Apart from the mayhem a powerful electromagnetic pulse would visit on our technologically dependent civilisation, there’s growing concern that EMPs are an imminent threat to recorded music.
Our magnetic audio recordings would be among the certain casualties, along with many other aspects of our technology. But, strangely, sound may provide us with our best line of defence.
In a recent blog Audio Archives: Gone in a Flash, I looked into the devastating effects electromagnetic pulses would have on magnetic audio recordings not protected by extremely resilient shielding. As an alternative ‘safe’ storage environment to a shielded room, we also considered the present state of the cloud as a storage and archiving resource. All good. But on the sources of electromagnetic pulses and the likelihood of their happening, I feel I came up a little short...
Sky news
It would be comforting to be able to treat all of this as academic. But that is to ignore the Skylab crash in 1979, which was caused by a solar storm, and the effort being invested in electromagnetic pulse weapon technology.

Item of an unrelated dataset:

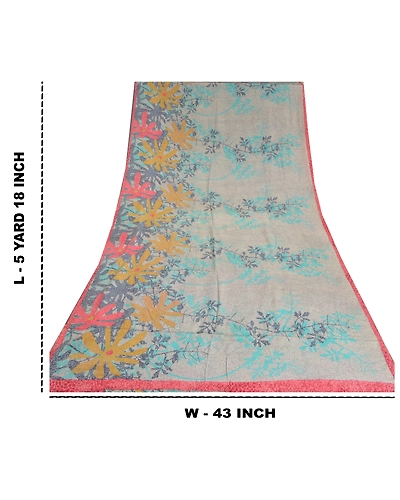 Sanskriti Vintage Sarees Gray Indian Printed Pure Crepe Sari Silk Craft Fabric, PRC-18835-Gray-Printed Floral Design-Pure Crepe Silk-9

While the term electromagnetic pulse (EMP) resulted from the development of nuclear weapons, the same destructive pulse can be delivered from other sources. So we have more to concern us than a nuclear war or a rogue weapon in the hands of terrorists.
For a start, an EMP can be produced without using fissionable materials – and is currently being developed as an offensive weapon in its own right by major powers. An American defence insider has warned that, given the Russians’ lack of control of conventional weapons, EMP could very easily fall into the hands of terrorists. If it did, how attractive a cultural target would a major record label’s music catalogue make?
EMPs are also a regular and entirely natural facet of the sun’s behaviour.
These have struck before, and will undoubtedly strike again. Those who know are unapologetic about their solar forecasts – the coming ten years may get rough. In addition to our precious audio recordings, navigation systems and communications are at particular risk, affecting everything from banking to warfare. We have built a fragile technological infrastructure that is wide open to being compromised by EMPs.
Ray of hope
In a curious twist of physics, audio could become our first line of defence...
A recent BBC Horizon TV programme, Listen to the Sun, investigated the causes and effects of sunspots – turning to sound rather than sight as a means of analysis. If we look at the sun we only see the sun’s surface, it argued, but by ‘listening’ to the sun, scientists can begin to gauge what is going on inside.
In fact, there is a 12-16 second advantage to ‘hearing’ a sunspot over observing its appearance on the sun’s surface. This difference equates to between one and two days’ additional warning of a solar storm. Enough time to gather up your tapes, discs and hard drives and book them into secure storage?
We are presently listening to sunspots at around 60,000km inside the sun but research scientists hope to go deeper and extend the advance warning to weeks rather than days. A little more time to gather up all those hard drives…
Sun, see and sound
On a separate but not unrelated note, in 2006 UK artists Ruth Jarman and Joe Gerhardt (working as Semiconductor Films) collaborated with NASA over its data archive of solar activity to produce a film called Brilliant Noise.
Taking some of ‘the sun’s finest unseen moments’, the film documents the activity of our star’s awesome beauty. The soundtrack translates the accompanying radio frequency emissions into an assault that would please the most hardcore of industrial and electronic music fans.
It would be ironic if this was also to become the soundtrack to the erasure of all of our music.